You should visit my heatsink museum if you ever get the chance. Heatsinks are found in discarded computers in a huge range of sizes. From small ones that cover the chipsets to large heatsinks that are attached to the CPUs And there are huge ones in power supplies and in audio amplifiers. If you’re building projects it really pays to have a large variety of heatsinks on hand because many of the modules you attach to Arduinos and other microcontrollers need a heatsink if you want them to operate reliably.
Take my ENC28J60 network adapter module for example. Many people swear they can only get them to work when pumping 5v into them. I tried and it did work but the ENC28J60 IC became so hot I am sure you could have easily fried and egg with that amount of heat. And in no time at all it started acting unreliable. Now I have had great success running mine at 3.3v. There is a DHT22 sensor connected to an Arduino Nano in the laboratory that is running a webserver sketch, and it has been operating for at least 6 months now, day and night, week after week with no problems. Check it out at http://volthauslab.ddns.net/ It runs great for me on 3.3v but it still gets quite hot and I have heard other people say it worked for them a short while then quit and I’m positive heat is playing a major part in its lack of reliability. I made the holding clip from a basic paperclip and i also added a dab of thermal paste between the sink and the IC.

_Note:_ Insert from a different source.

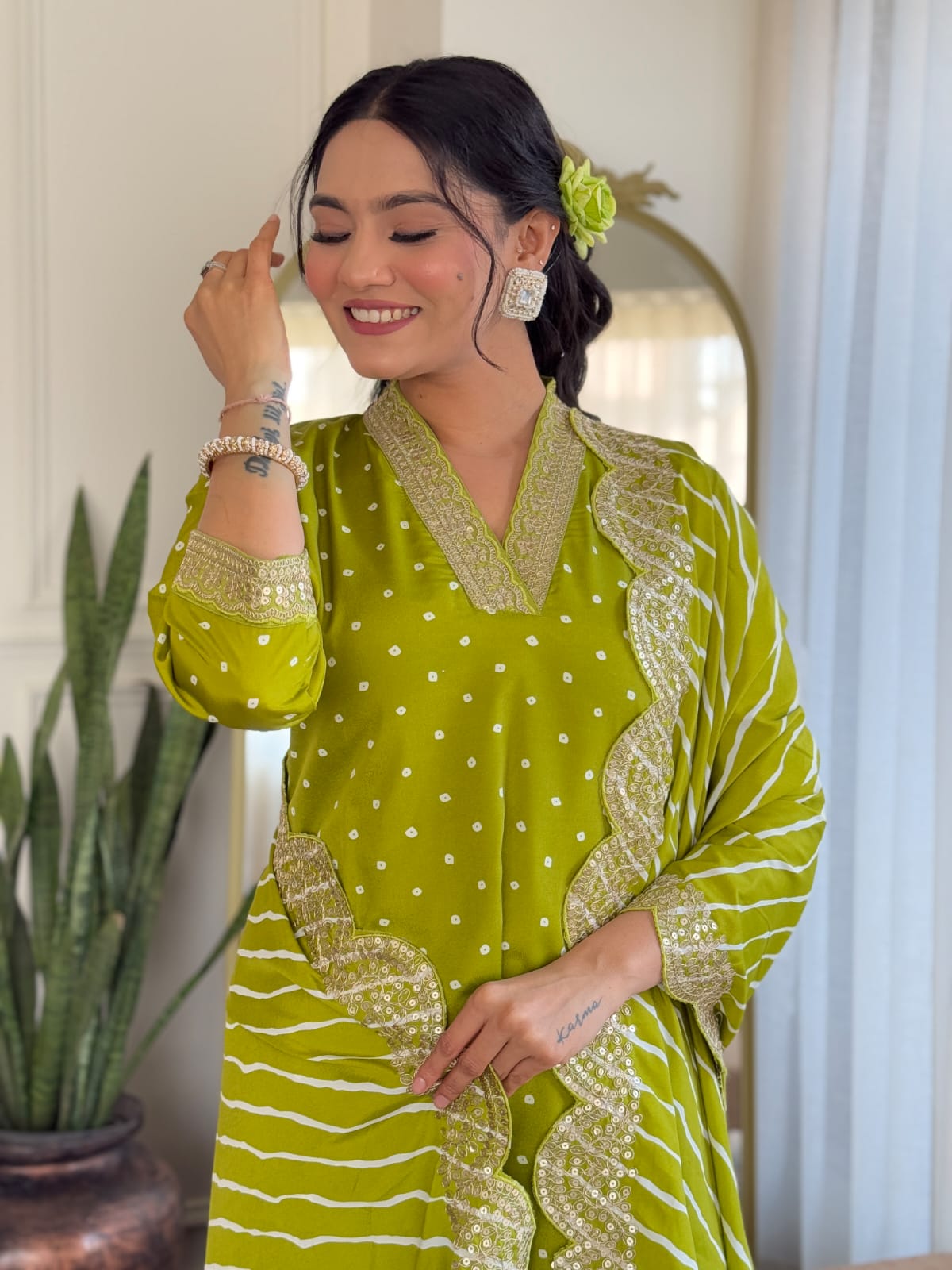 PISTA COLOURED WOMEN'S REYON EMBROIDERED KURTA WITH PANT DUPATTA SET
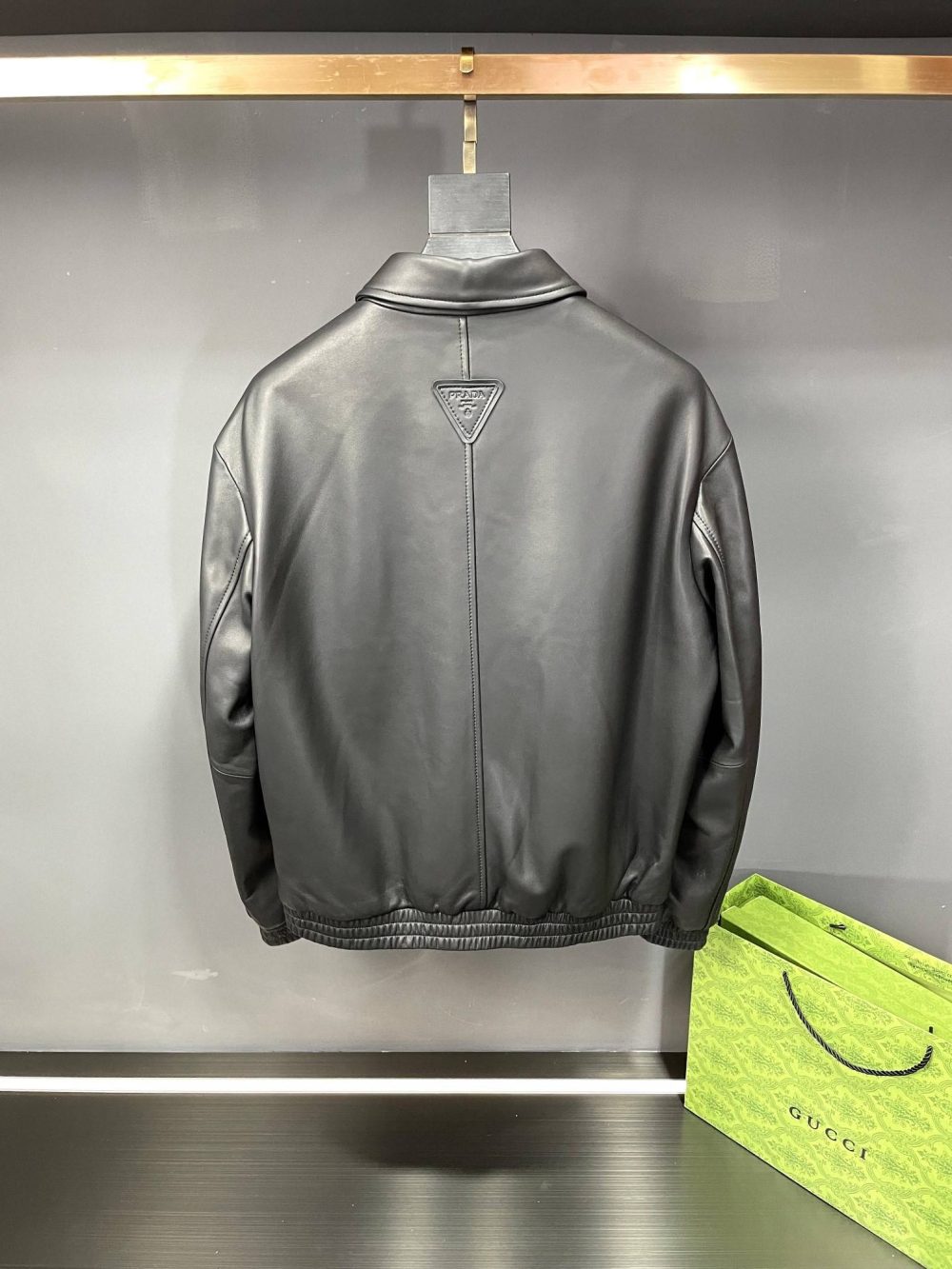 Prada Paris catwalk style leather jacket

Motors are everywhere and you should not be letting a single one get away. You can find motors of two types in almost every malfunctioning CD or DVD drive. The rotary motor that spins the disc plus a neat little worm gear stepper motor. And you can also find stepper motors in printers as well. If you want the large motors you can salvage them from home appliances like dryers and washing machines. Those are just a little out of our league (currently that is).
Good luck because you’re going to need it once you begin to get your collection together. Getting organized and staying that way is a real challenge (fun). And we didn’t even cover what you can pull out of old CRT televisions and other things, but I think this is a good start. Have fun, be safe, save money and build wonderfully fascinating things!